Billionaire Allen to invest in Bangladesh
Fri May 6, 2005
DHAKA (Reuters) - The billionaire co-founder of Microsoft plans to spend $1.6 billion building Bangladesh power and fertilizer plants, marking the second-biggest investment into the poor but fast-growing nation.
Paul Allen, the world's seventh-richest person according to Forbes magazine, will make the investment through Global Vulcan Energy International, a wholly-owned subsidiary of his personal investment vehicle, Vulcan Capital.
"We signed a memorandum of understanding on Thursday with the U.S energy firm, which will invest $1.6 billion in the next three years," said Mahmudur Rahman, executive chairman of Bangladesh's Board of Investment (BOI).
Vulcan will spend $900 million of Allen's $21 billion fortune building a number of gas-run power plants with a total 1,800 megawatts (MW) of capacity -- equivalent to almost half of existing national capacity.

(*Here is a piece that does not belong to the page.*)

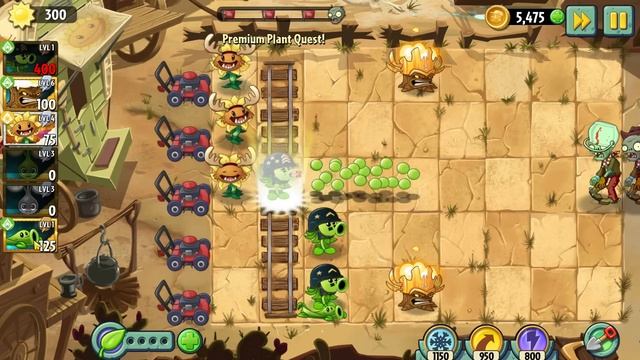 PvZ 2. НОВАЯ ИМБА: ГОРОХ-ПУЛЕМЁТ! смотреть онлайн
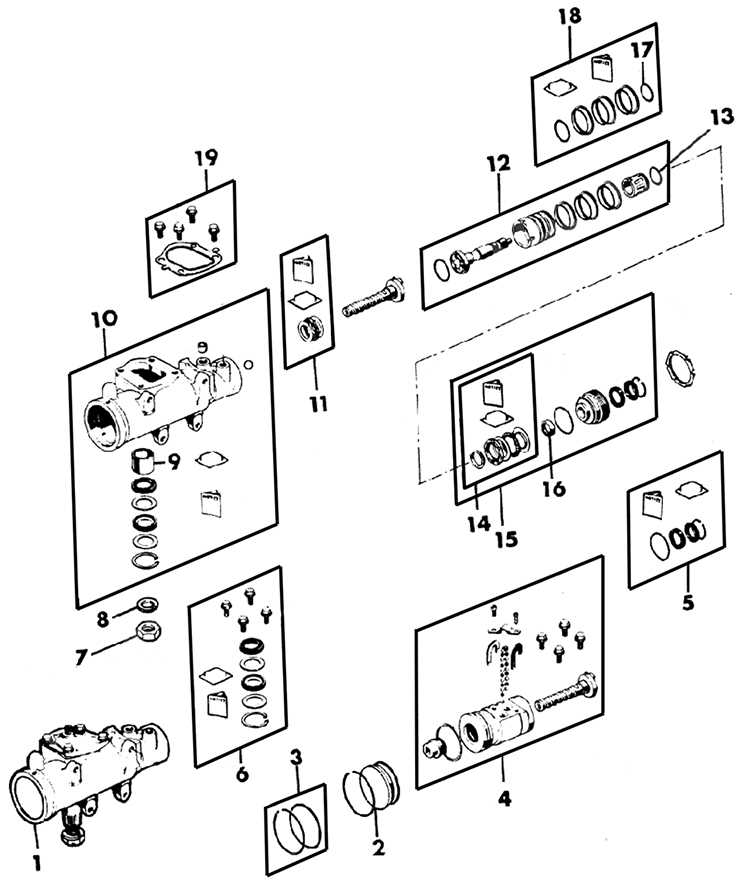 jeep tj steering parts diagram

The new plants will help meet new demand that is set to double to 7,000 MW by 2007, and make up a power shortfall that already stands at between 500 MW and 700 MW.
Vulcan will also build two plants with the capacity to produce 140,000 tonnes of carbon-based organic fertilizer at a cost of $200 million, and set up a $500 million project to capture methane gas for power production from coal mines, Mahmudur told Reuters.
Allen's injection of funds will be the second biggest in Bangladesh behind a $2.5 billion project by India's Tata group. Together, the two investments dwarf total foreign direct investment of 3 billion since Bangladesh became a nation in the early 1970s.
Half of Bangladesh's population lives below the poverty line, and the nation is home to the third highest number of poor people in the world behind India and China, according to the World Bank. However, GDP grew by six percent last year and is set to grow a further 5 percent in the 2004/05 fiscal year.
Mahmudur said Vulcan's president, Ford F. Graham, and other senior company executives, visited proposed plant sites last week and held meetings with Bangladeshi officials.
The firm will start a feasibility study in May, which will be completed within the next six months.